The courts have inherent power over their records to seal them and to review them and in extraordinary cases to expunge them (Matter of Hynes v Karassik, 47 N.Y.2d 659, 664; Matter of Dondi, 63 N.Y.2d 331, 338-339; Matter of Dorothy D., 49 N.Y.2d 212; Matter of Henry v Looney, 65 Misc. 759, 762-763). Indeed, one of the purposes of the sealing statutes is to extend the court's power to records in possession of other agencies which reflect the content of sealed court records (Matter of Dorothy D., supra, at 215; Matter of Wade v Department of Mental Hygiene, 49 N.Y.2d 947; cf., Matter of Todd H., 49 N.Y.2d 1022). But the sealing statutes have never been held to impair the power of the courts to review their own records in order to perform a peculiarly judicial act (Matter of Dondi, supra, at 338-339; Matter of Hynes v Karassik, supra, at 664-665). Thus statutes generally providing that sealed records should not be disclosed to "any person or public or private agency" (Family Ct Act § 375.1; CPL 160.50 [c]) should not be interpreted to prohibit the court itself from reviewing its own records, or appointing the Probation Department to report on what they reflect, when the court is called upon to determine the appropriate degree of supervision for a juvenile offender. In fact, the only restriction the Legislature has imposed on the use of such sealed records at sentencing is found in section 381.2 FCT of the Family Court Act, which simply prevents an "adult" court from reviewing the sealed records of dismissed juvenile proceedings when sentencing an adult.

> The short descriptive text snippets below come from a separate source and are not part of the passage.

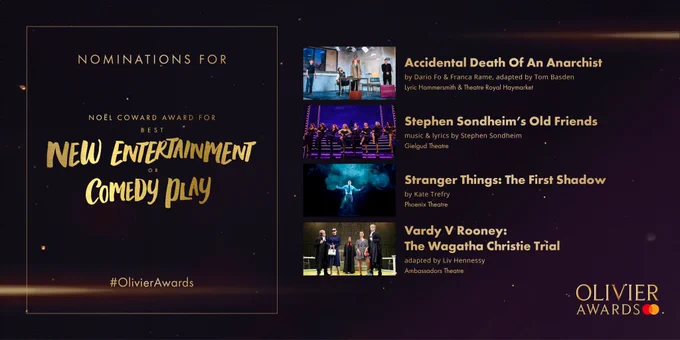"The nominees for the Noel Coward Award for Best New Entertainment or Comedy Play are:

Accidental Death Of An Anarchist 
by Dario Fo & Franca Rame, adapted by Tom Basden 
Lyric Hammersmith & Theatre Royal Haymarket  
- 
Stephen Sondheim’s Old Friends 
music & lyrics by Stephen Sondheim 
Gielgud Theatre  
- 
Stranger Things: The First Shadow 
by Kate Trefry 
Phoenix Theatre 
- 
Vardy V Rooney: The Wagatha Christie Trial 
adapted by Liv Hennessy 
Ambassadors Theatre "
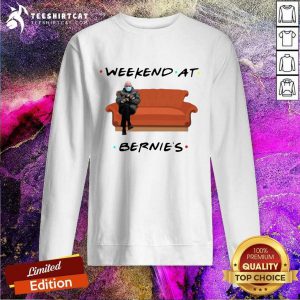 Bernie Sanders Weekend At Bernies Sweatshirt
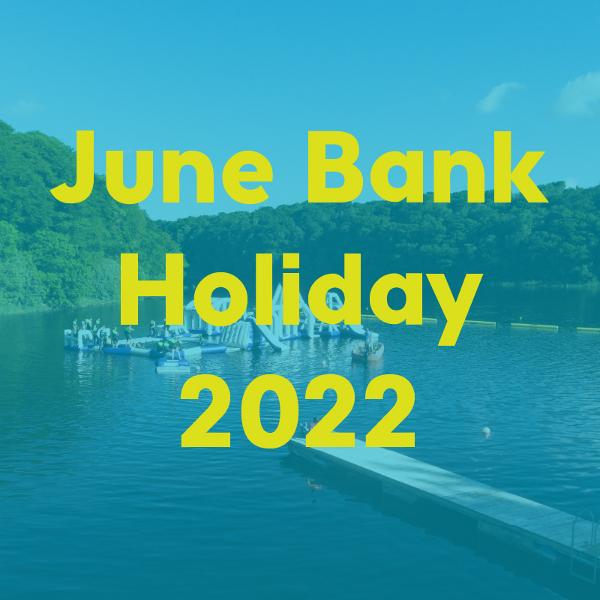 Your June Bank Holiday Covered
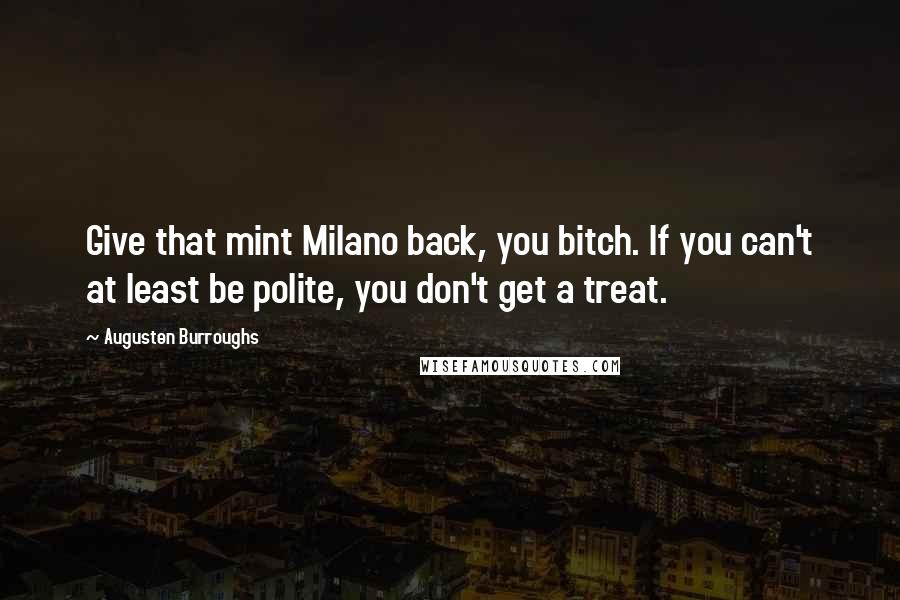 Augusten Burroughs Quotes: Give that mint Milano back, you bitch. If you can't at least be polite, you don't get a treat.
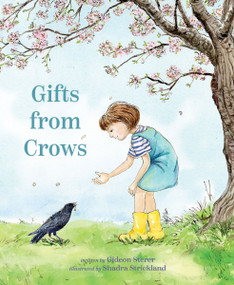 Gifts from Crows by Gideon Sterer, Shadra Strickland, 9780063237582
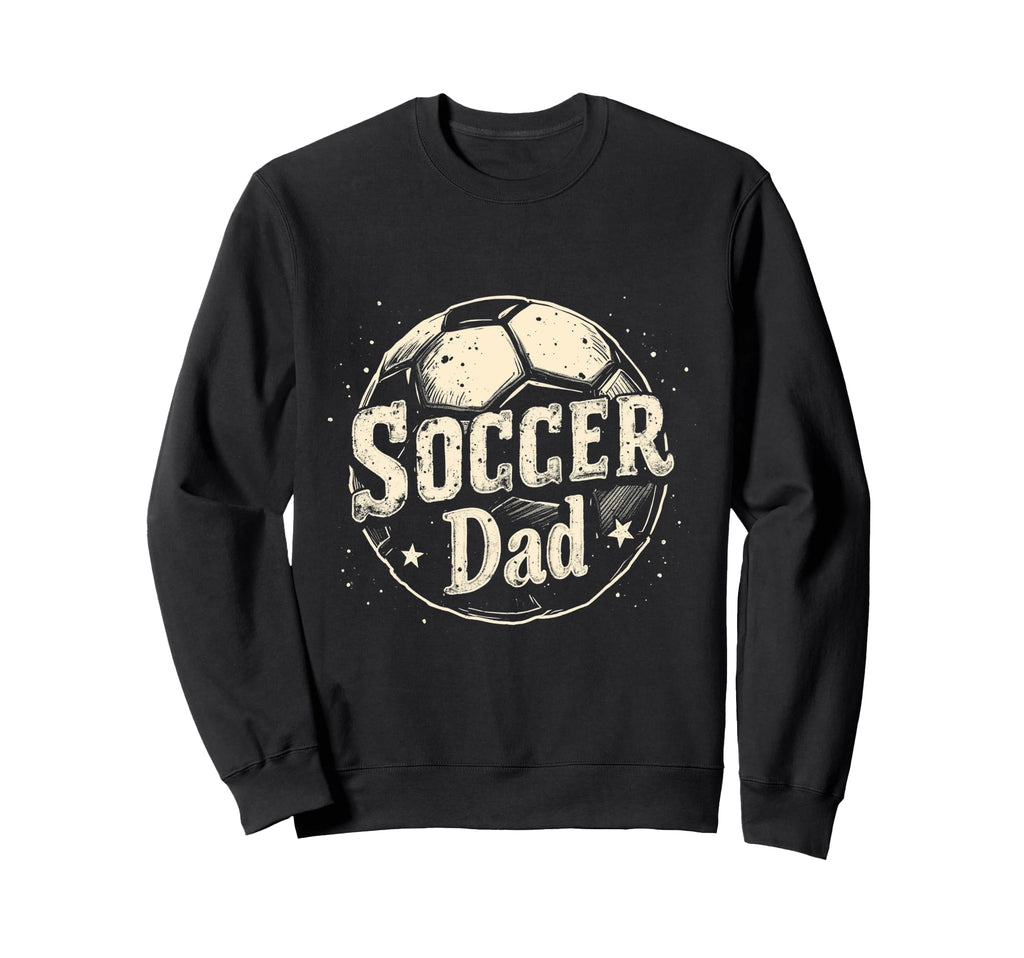 Soccer Dad Sweatshirt - Aesthetic Graphic Unisex - T-Shirt, Sweatshirt, Hoodie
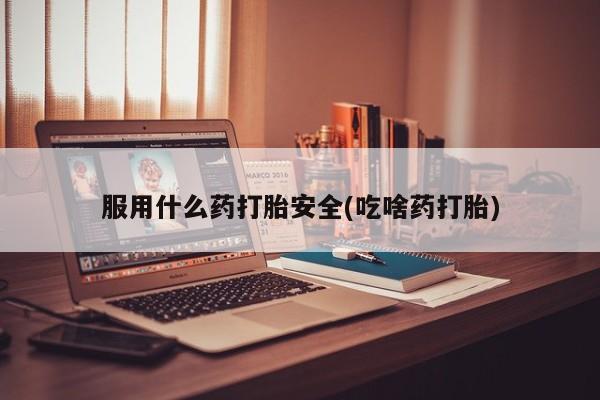 米非米索怎么购买服用什么药打胎安全(吃啥药打胎)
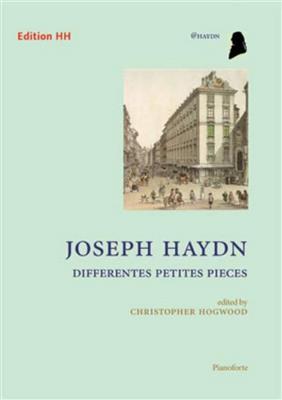 Franz Joseph Haydn: Differentes Petites Pieces (piano): (Arr. Christopher Hogwood): Solo de Piano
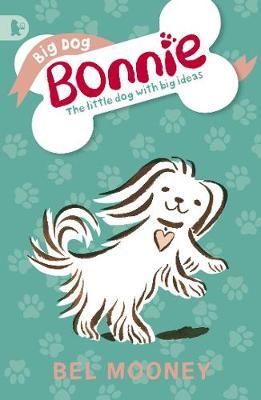 Big Dog Bonnie by Bel Mooney image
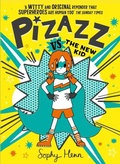 Cover: Pizazz vs The New Kid - Simon & Schuster Children's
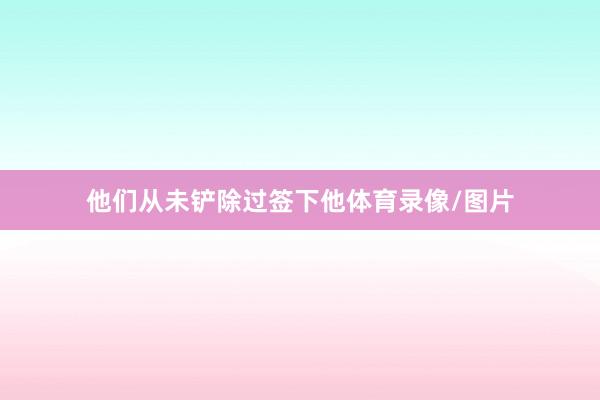 他们从未铲除过签下他体育录像/图片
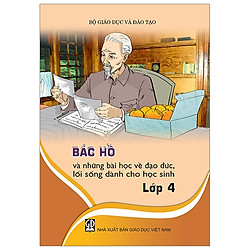 Bác Hồ Và Những Bài Học Về Đạo Đức, Lối Sống – Lớp 4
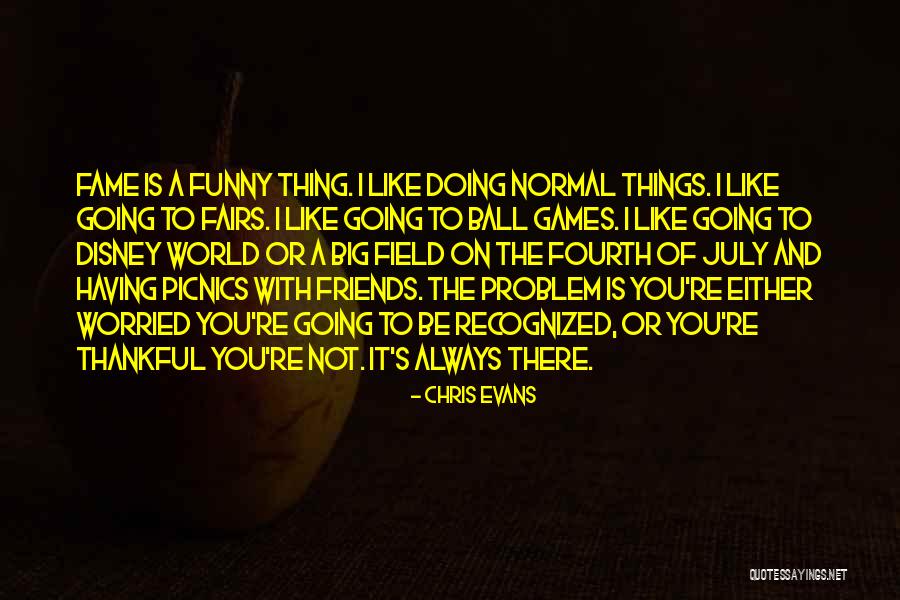 Big Games Quotes By Chris Evans Big Games Quotes By Chris Evans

In juvenile cases especially, the court should not be required to turn a blind eye to what its own records would reveal concerning the juvenile's prior involvements with the law. In the case now before us, much of the petitioner's prior court history was made available, in fragmented and perhaps distorted form, by the petitioner himself. Except for that circumstance all the court would know from the unsealed records is that the petitioner is a one-time offender who committed truancy violations while on parole. In such a case it is unrealistic and potentially dangerous to expect the court to make an appropriate disposition without consulting its own sealed records, when those records would show that in little more than a year after he turned 14, the petitioner was arrested on four other occasions on charges never factually resolved because of procedural dismissals, and that the last two arrests for robbery-related charges occurred while on probation — indicating at least a basis for additional inquiry into the juvenile's activities and perhaps greater supervision of a youth who might truly need it.